To ensure the robustness and generalization capabilities of the model, we collected data under diverse environmental conditions and applied various preprocessing techniques. Images were captured at multiple fish markets and auction houses, considering a wide range of lighting scenarios including natural light conditions (clear days, overcast weather, dawn, and dusk) and artificial lighting (fluorescent and LED illumination). This diversity in lighting conditions significantly contributed to the model’s ability to perform consistently across different environments. All collected images were resized to 640 × 640 pixels to maintain consistency and quality across the dataset. Furthermore, we enhanced the dataset’s variability through data augmentation techniques, including random horizontal flips and rotations (±15 degrees).
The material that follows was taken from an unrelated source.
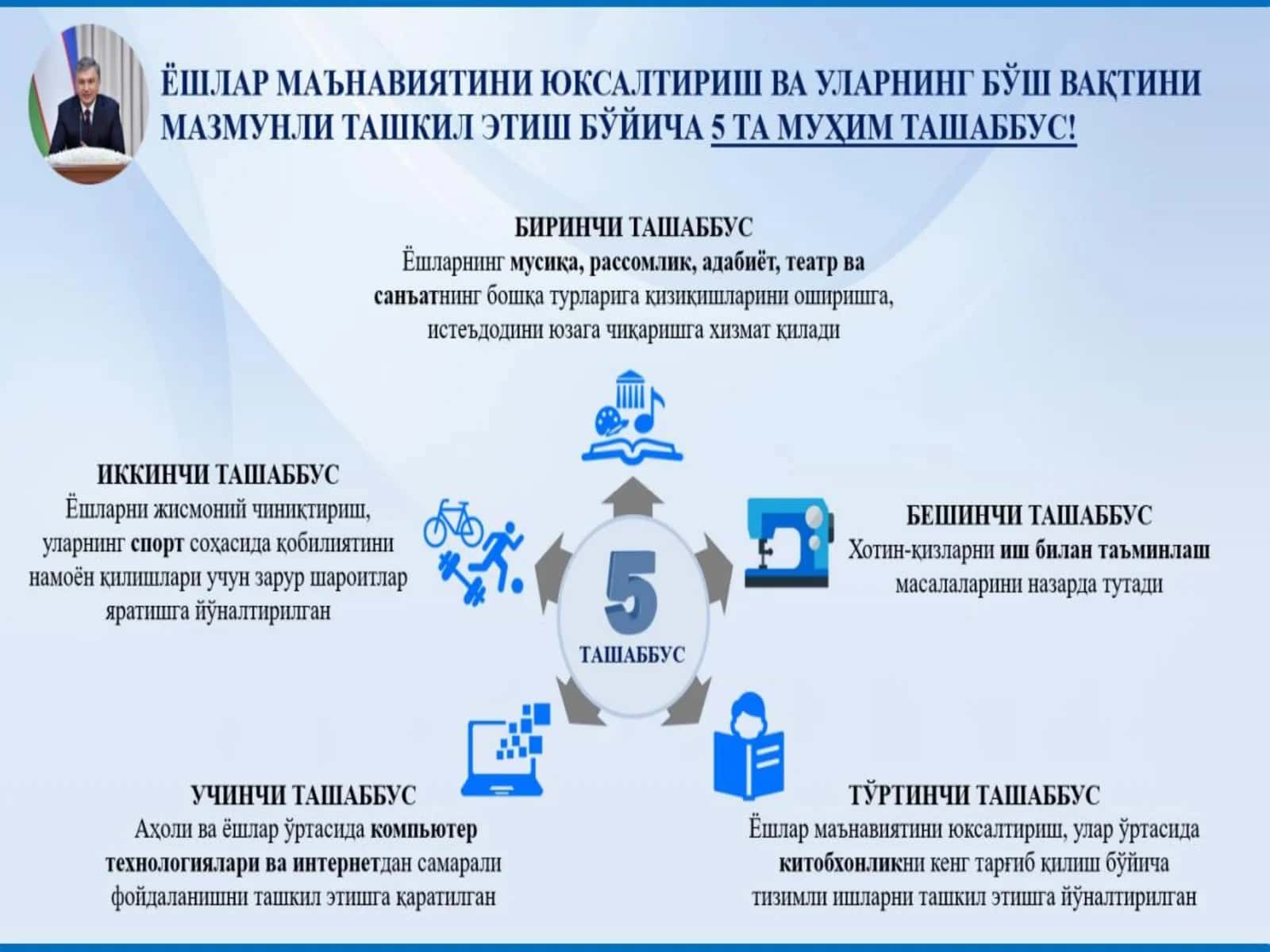 Хом-ашё бозаси ва ундан фойдаланиш имконияти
These preprocessing steps, combined with the diverse data collection approach, were crucial in improving the model’s adaptability to various real-world scenarios and its overall performance in fish species recognition tasks.
A key feature of the system proposed in this study is the application of various body length measurement criteria tailored to the characteristics of each species [
28,
29]. These diverse body length measurement criteria were reflected in the annotation of each image during the dataset construction process. For instance, fork length was used for
Scomber japonicus, anal length for
Trichiurus lepturus, and carapace width for
Portunus trituberculatus. This method enables the model to more accurately recognize the distinctive forms of each species during the learning process.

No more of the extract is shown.